ABOUT THIS EXERCISE:
Without the pictures, set down exactly the lines from the one that contains "Letter opener with" to the end of the entries, both included, and nothing besides.

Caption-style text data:
++++++

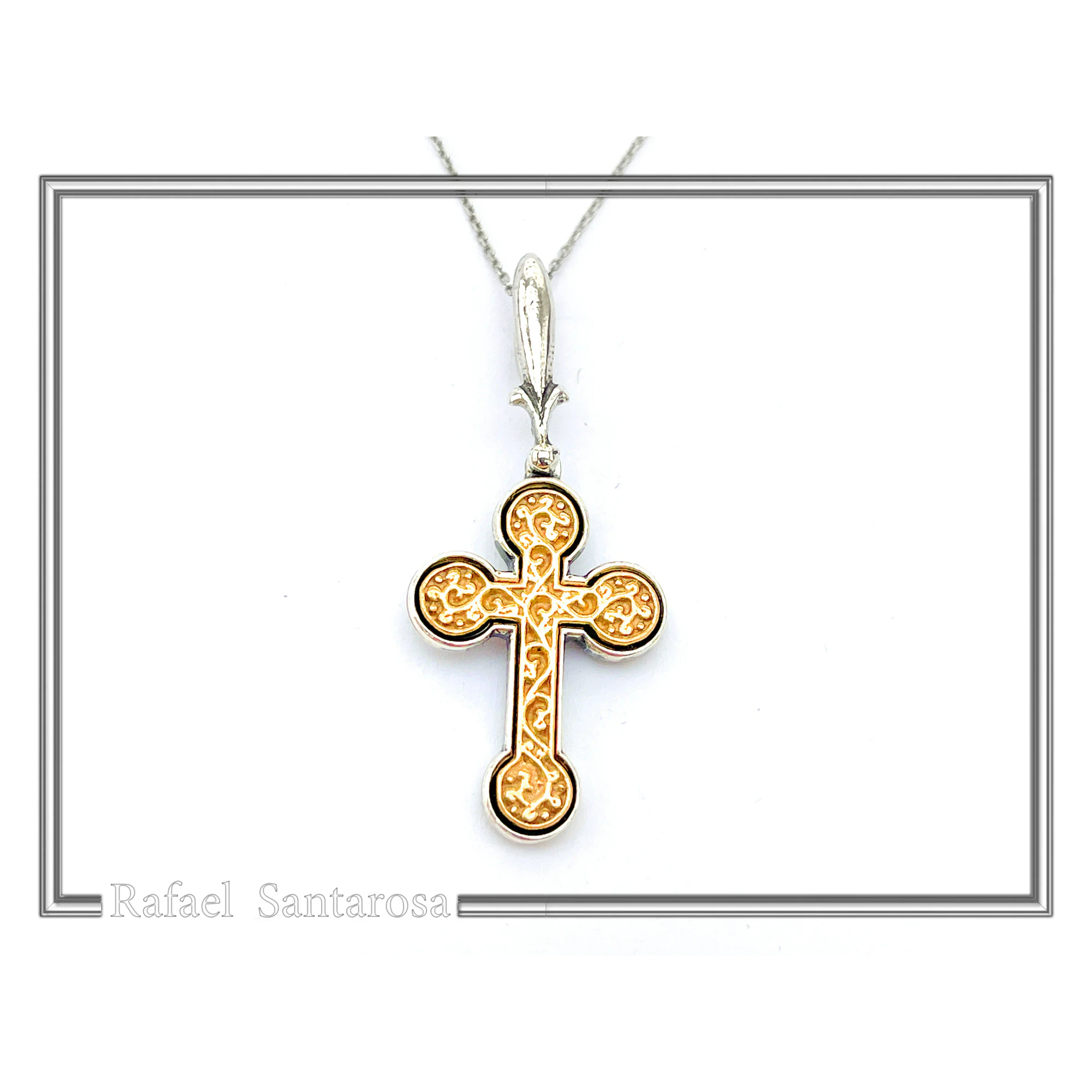Byzantine Cross of simplicity, Holy Mount Inspired: 18k Gold Filled & Oxidized Sterling Silver — additional product image 7 from Rafael Santarosa Fine Jewelry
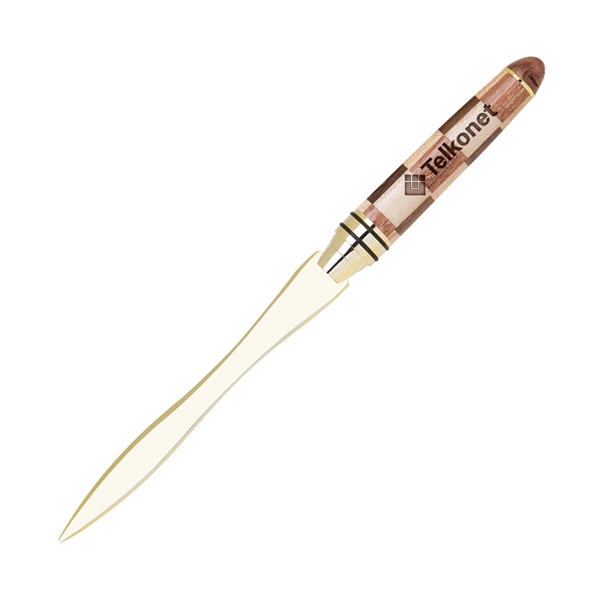 Letter opener with wooden handle featuring a checkerboard or curvy design... from ASI 68190 Lungsal / Lungsal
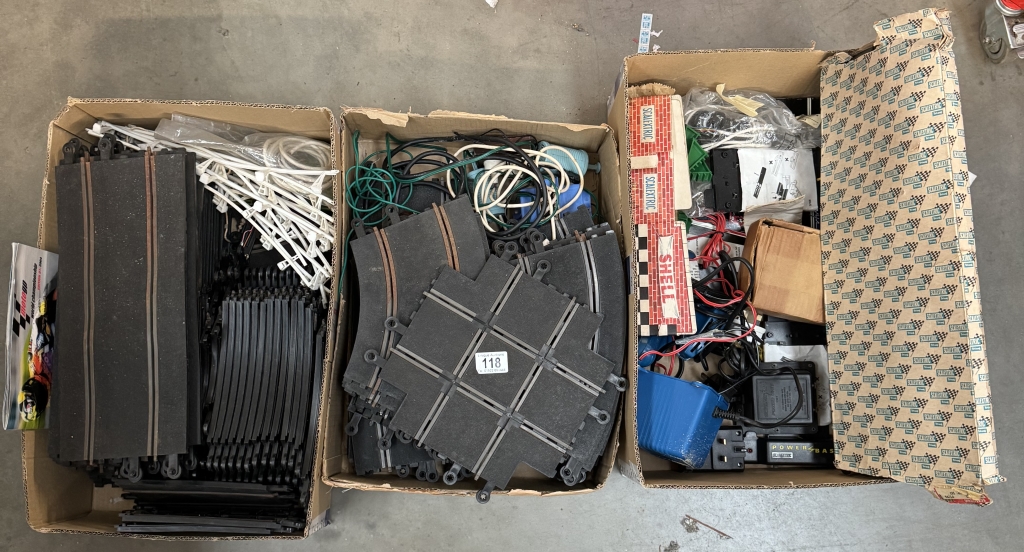 3 Boxes of vintage Scalextric track & power supplies etc (No cars)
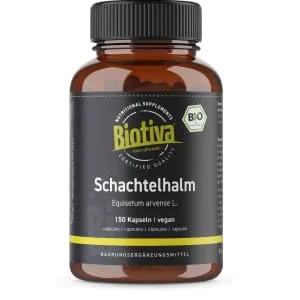 Horsetail organic 150 capsules - Fox Tail - Excellent quality - Equisetum arvense L. - Packaged and controlled in Germany - Biotiva - Prêle des champs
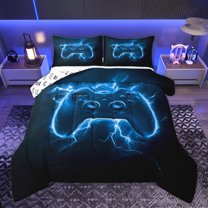Homewish Cartoon Game Console Queen Comforter Set for Kids, Neon Blue Lightning Bedding Sets, Modern Video Gaming Lover Reversible Bedding Comforter Set, Luxury Bedroom Decor, 3 Pieces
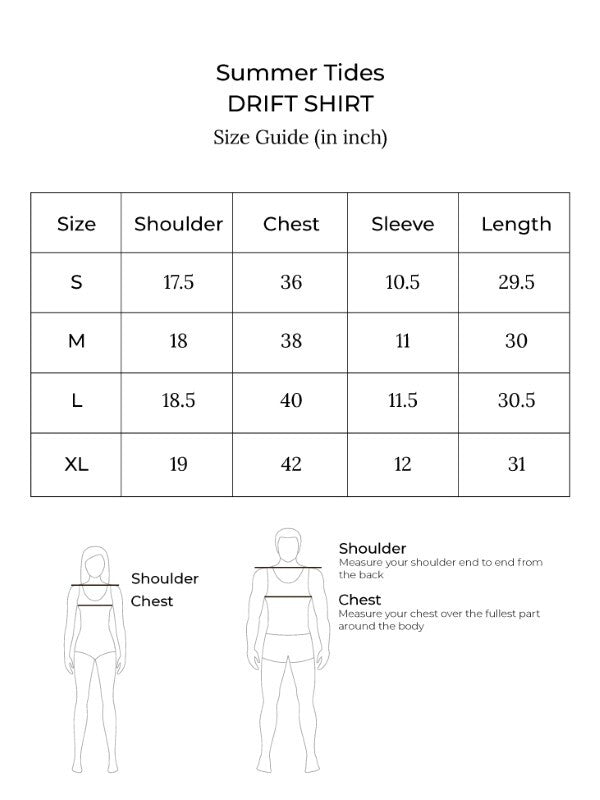 Size chart for Drift Shirt (Shadow) - NL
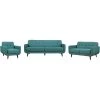 Capri 3-Piece Teal Blue Sofa, Loveseat and Accent Chair Modern Seating Set by Hanover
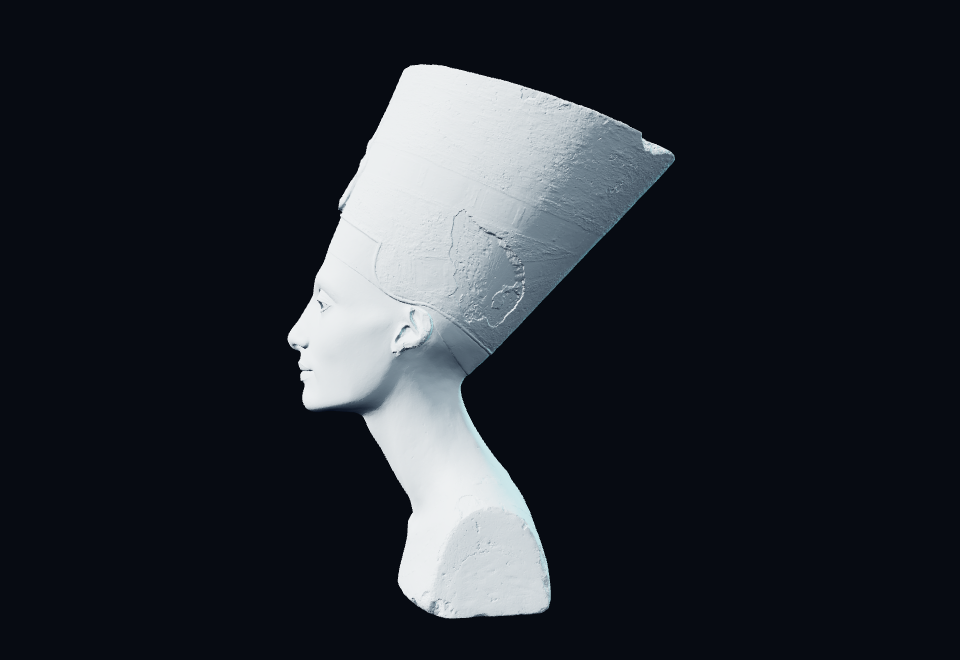 Solid 3D render of Nefertiti Bust included in Printable Artifact Collection - 8 STLs, primary view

++++++

OUTPUT:
 Letter opener with wooden handle featuring a checkerboard or curvy design... from ASI 68190 Lungsal / Lungsal
 3 Boxes of vintage Scalextric track & power supplies etc (No cars)
 Horsetail organic 150 capsules - Fox Tail - Excellent quality - Equisetum arvense L. - Packaged and controlled in Germany - Biotiva - Prêle des champs
Homewish Cartoon Game Console Queen Comforter Set for Kids, Neon Blue Lightning Bedding Sets, Modern Video Gaming Lover Reversible Bedding Comforter Set, Luxury Bedroom Decor, 3 Pieces
 Size chart for Drift Shirt (Shadow) - NL
 Capri 3-Piece Teal Blue Sofa, Loveseat and Accent Chair Modern Seating Set by Hanover
 Solid 3D render of Nefertiti Bust included in Printable Artifact Collection - 8 STLs, primary view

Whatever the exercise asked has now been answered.